▶
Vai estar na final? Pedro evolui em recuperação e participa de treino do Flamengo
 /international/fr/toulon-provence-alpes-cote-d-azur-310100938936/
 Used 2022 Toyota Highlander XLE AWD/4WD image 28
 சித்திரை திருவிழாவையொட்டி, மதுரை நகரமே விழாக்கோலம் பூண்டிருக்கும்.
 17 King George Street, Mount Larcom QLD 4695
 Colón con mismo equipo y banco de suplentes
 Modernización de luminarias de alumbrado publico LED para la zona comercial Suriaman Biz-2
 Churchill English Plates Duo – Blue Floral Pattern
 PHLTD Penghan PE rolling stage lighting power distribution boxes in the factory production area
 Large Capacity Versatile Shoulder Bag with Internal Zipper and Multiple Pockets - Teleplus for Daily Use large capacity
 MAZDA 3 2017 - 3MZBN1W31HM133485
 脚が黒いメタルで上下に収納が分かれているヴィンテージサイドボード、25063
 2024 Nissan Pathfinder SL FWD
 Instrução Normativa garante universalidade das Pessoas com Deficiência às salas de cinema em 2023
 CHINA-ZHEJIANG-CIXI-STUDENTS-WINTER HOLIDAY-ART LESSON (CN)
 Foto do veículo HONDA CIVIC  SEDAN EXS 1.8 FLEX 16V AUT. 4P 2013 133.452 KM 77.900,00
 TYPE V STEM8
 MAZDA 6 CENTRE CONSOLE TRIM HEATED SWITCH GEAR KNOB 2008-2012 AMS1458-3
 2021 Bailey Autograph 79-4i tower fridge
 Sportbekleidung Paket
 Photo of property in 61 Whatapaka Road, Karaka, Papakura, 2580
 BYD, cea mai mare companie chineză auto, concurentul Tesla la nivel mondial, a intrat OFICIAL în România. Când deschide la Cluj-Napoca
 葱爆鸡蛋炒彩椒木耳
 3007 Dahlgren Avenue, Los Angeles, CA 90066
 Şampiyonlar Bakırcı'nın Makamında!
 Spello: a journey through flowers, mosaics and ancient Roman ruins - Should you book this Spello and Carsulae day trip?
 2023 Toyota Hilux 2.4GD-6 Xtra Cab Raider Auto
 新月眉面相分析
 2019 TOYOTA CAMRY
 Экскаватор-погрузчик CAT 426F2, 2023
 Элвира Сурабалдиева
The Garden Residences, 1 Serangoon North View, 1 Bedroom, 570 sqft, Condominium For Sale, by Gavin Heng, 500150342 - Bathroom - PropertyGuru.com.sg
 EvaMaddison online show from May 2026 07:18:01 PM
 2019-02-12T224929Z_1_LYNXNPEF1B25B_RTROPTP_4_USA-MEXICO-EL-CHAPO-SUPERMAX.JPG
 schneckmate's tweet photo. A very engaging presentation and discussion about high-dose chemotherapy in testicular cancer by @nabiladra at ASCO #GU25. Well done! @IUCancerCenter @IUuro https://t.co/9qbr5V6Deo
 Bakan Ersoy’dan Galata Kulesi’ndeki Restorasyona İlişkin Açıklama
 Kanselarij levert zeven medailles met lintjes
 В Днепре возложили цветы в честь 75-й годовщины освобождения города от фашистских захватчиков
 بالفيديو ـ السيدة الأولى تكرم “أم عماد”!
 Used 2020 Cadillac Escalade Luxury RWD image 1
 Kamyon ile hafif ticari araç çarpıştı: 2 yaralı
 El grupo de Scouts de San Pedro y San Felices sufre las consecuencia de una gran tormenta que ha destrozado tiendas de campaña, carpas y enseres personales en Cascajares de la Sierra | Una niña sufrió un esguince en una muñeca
◀
## Task prompt
What you return should match the data character for character.

## Exercise answer
Vai estar na final? Pedro evolui em recuperação e participa de treino do Flamengo
 /international/fr/toulon-provence-alpes-cote-d-azur-310100938936/
 Used 2022 Toyota Highlander XLE AWD/4WD image 28
 சித்திரை திருவிழாவையொட்டி, மதுரை நகரமே விழாக்கோலம் பூண்டிருக்கும்.
 17 King George Street, Mount Larcom QLD 4695
 Colón con mismo equipo y banco de suplentes
 Modernización de luminarias de alumbrado publico LED para la zona comercial Suriaman Biz-2
 Churchill English Plates Duo – Blue Floral Pattern
 PHLTD Penghan PE rolling stage lighting power distribution boxes in the factory production area
 Large Capacity Versatile Shoulder Bag with Internal Zipper and Multiple Pockets - Teleplus for Daily Use large capacity
 MAZDA 3 2017 - 3MZBN1W31HM133485
 脚が黒いメタルで上下に収納が分かれているヴィンテージサイドボード、25063
 2024 Nissan Pathfinder SL FWD
 Instrução Normativa garante universalidade das Pessoas com Deficiência às salas de cinema em 2023
 CHINA-ZHEJIANG-CIXI-STUDENTS-WINTER HOLIDAY-ART LESSON (CN)
 Foto do veículo HONDA CIVIC  SEDAN EXS 1.8 FLEX 16V AUT. 4P 2013 133.452 KM 77.900,00
 TYPE V STEM8
 MAZDA 6 CENTRE CONSOLE TRIM HEATED SWITCH GEAR KNOB 2008-2012 AMS1458-3
 2021 Bailey Autograph 79-4i tower fridge
 Sportbekleidung Paket
 Photo of property in 61 Whatapaka Road, Karaka, Papakura, 2580
 BYD, cea mai mare companie chineză auto, concurentul Tesla la nivel mondial, a intrat OFICIAL în România. Când deschide la Cluj-Napoca
 葱爆鸡蛋炒彩椒木耳
 3007 Dahlgren Avenue, Los Angeles, CA 90066
 Şampiyonlar Bakırcı'nın Makamında!
 Spello: a journey through flowers, mosaics and ancient Roman ruins - Should you book this Spello and Carsulae day trip?
 2023 Toyota Hilux 2.4GD-6 Xtra Cab Raider Auto
 新月眉面相分析
 2019 TOYOTA CAMRY
 Экскаватор-погрузчик CAT 426F2, 2023
 Элвира Сурабалдиева
The Garden Residences, 1 Serangoon North View, 1 Bedroom, 570 sqft, Condominium For Sale, by Gavin Heng, 500150342 - Bathroom - PropertyGuru.com.sg
 EvaMaddison online show from May 2026 07:18:01 PM
 2019-02-12T224929Z_1_LYNXNPEF1B25B_RTROPTP_4_USA-MEXICO-EL-CHAPO-SUPERMAX.JPG
 schneckmate's tweet photo. A very engaging presentation and discussion about high-dose chemotherapy in testicular cancer by @nabiladra at ASCO #GU25. Well done! @IUCancerCenter @IUuro https://t.co/9qbr5V6Deo
 Bakan Ersoy’dan Galata Kulesi’ndeki Restorasyona İlişkin Açıklama
 Kanselarij levert zeven medailles met lintjes
 В Днепре возложили цветы в честь 75-й годовщины освобождения города от фашистских захватчиков
 بالفيديو ـ السيدة الأولى تكرم “أم عماد”!
 Used 2020 Cadillac Escalade Luxury RWD image 1
 Kamyon ile hafif ticari araç çarpıştı: 2 yaralı
 El grupo de Scouts de San Pedro y San Felices sufre las consecuencia de una gran tormenta que ha destrozado tiendas de campaña, carpas y enseres personales en Cascajares de la Sierra | Una niña sufrió un esguince en una muñeca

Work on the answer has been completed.